* **Recorded information**
[Start of Attachment]
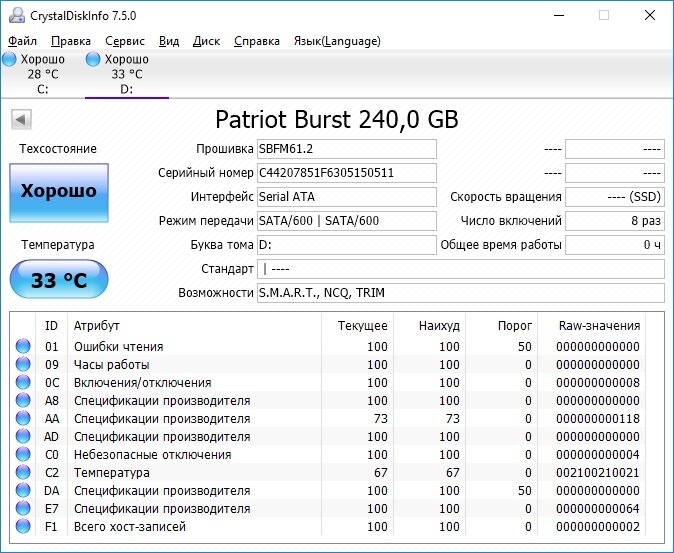 Patriot Burst 240GB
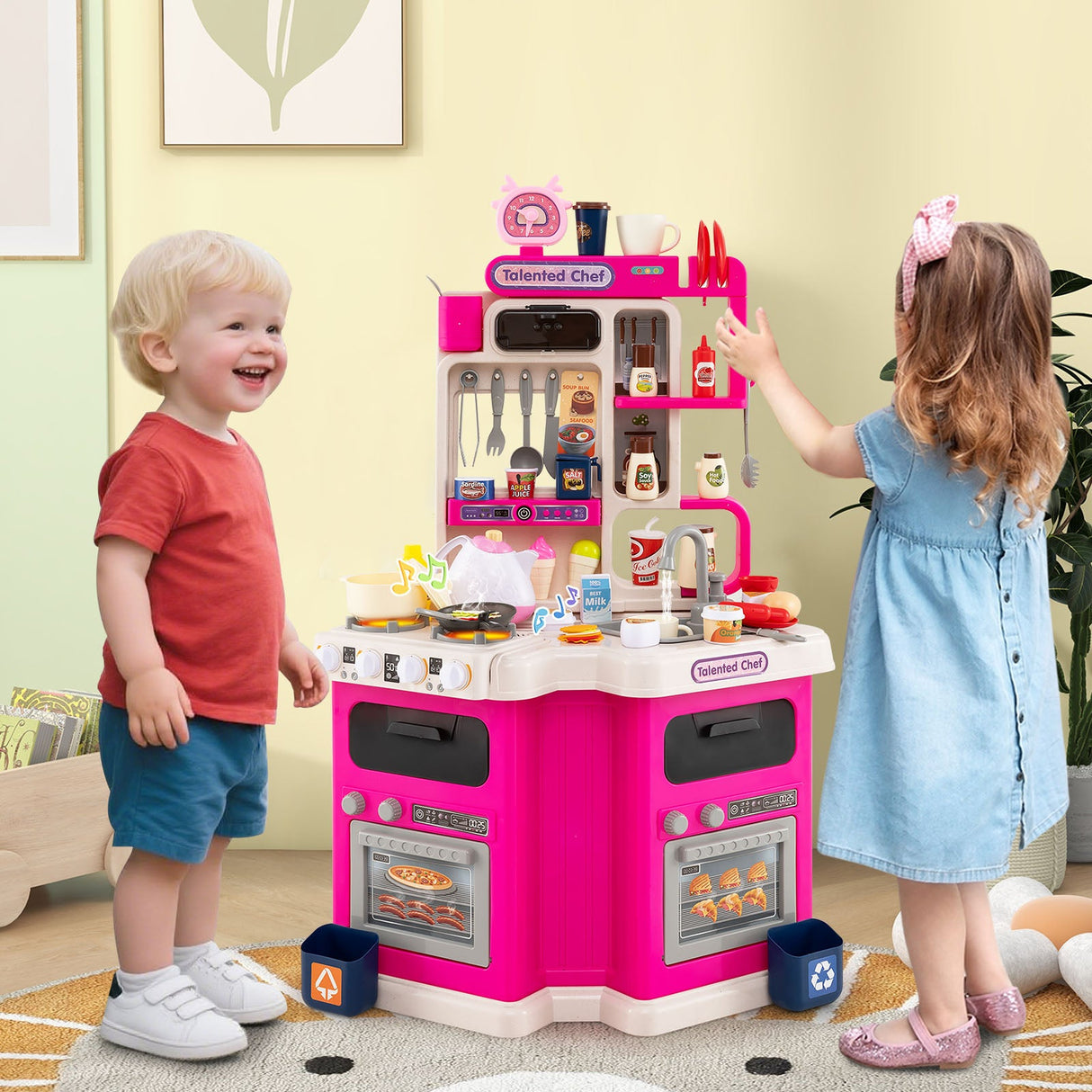 Juego de cocina de juguete para niños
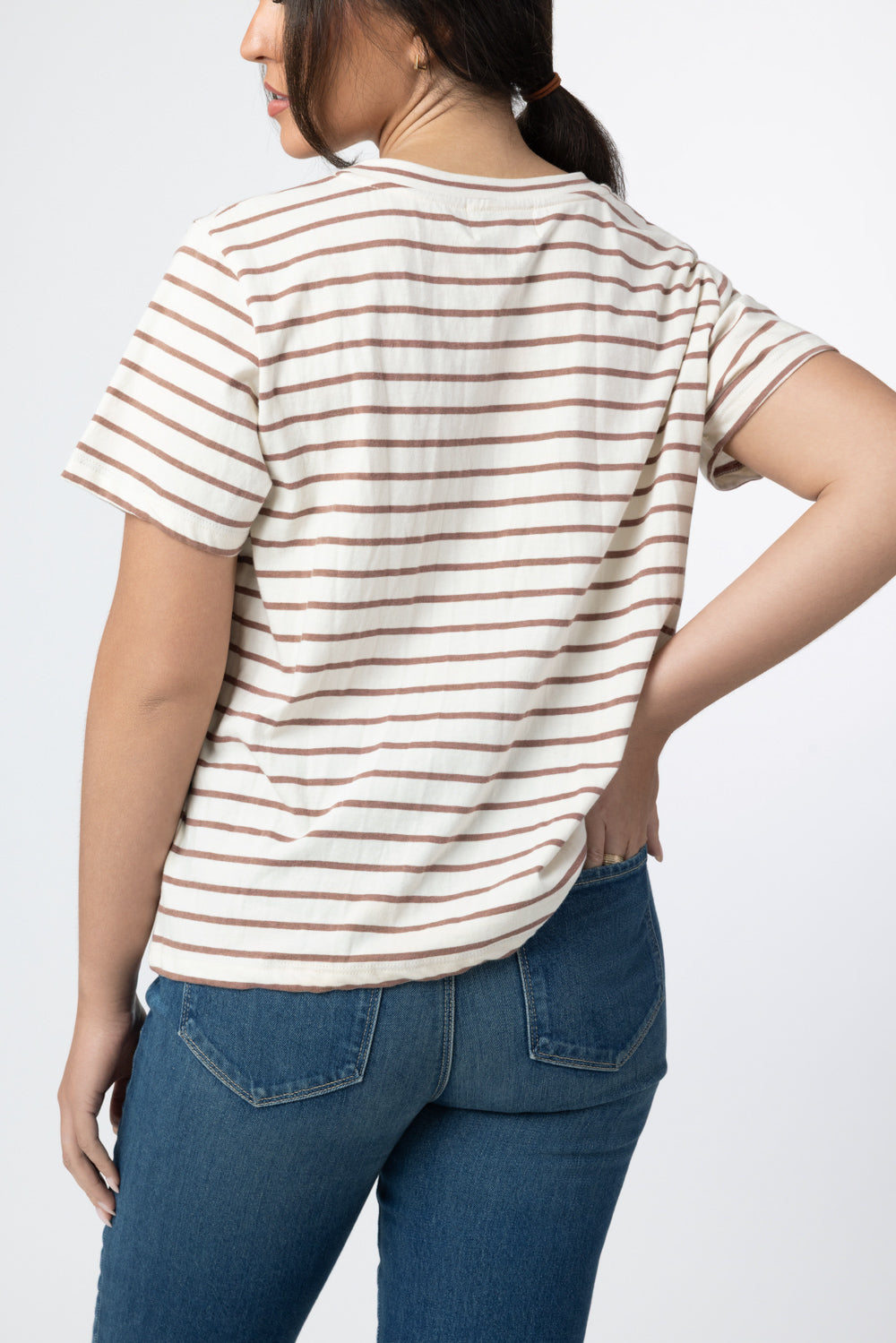  Short Sleeve Classic Tee-STRIPE-0-CLOTHINGTOPT-SHIRT-The Lady & The Sailor x Marissa Collections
[End of Attachment]
* **How to complete this task**
Set down the line containing "Juego de cocina de juguete para niños" and every line after it up to the end of the material, exactly as written, but not the pictures.

* **Solved exercise**
 Juego de cocina de juguete para niños
  Short Sleeve Classic Tee-STRIPE-0-CLOTHINGTOPT-SHIRT-The Lady & The Sailor x Marissa Collections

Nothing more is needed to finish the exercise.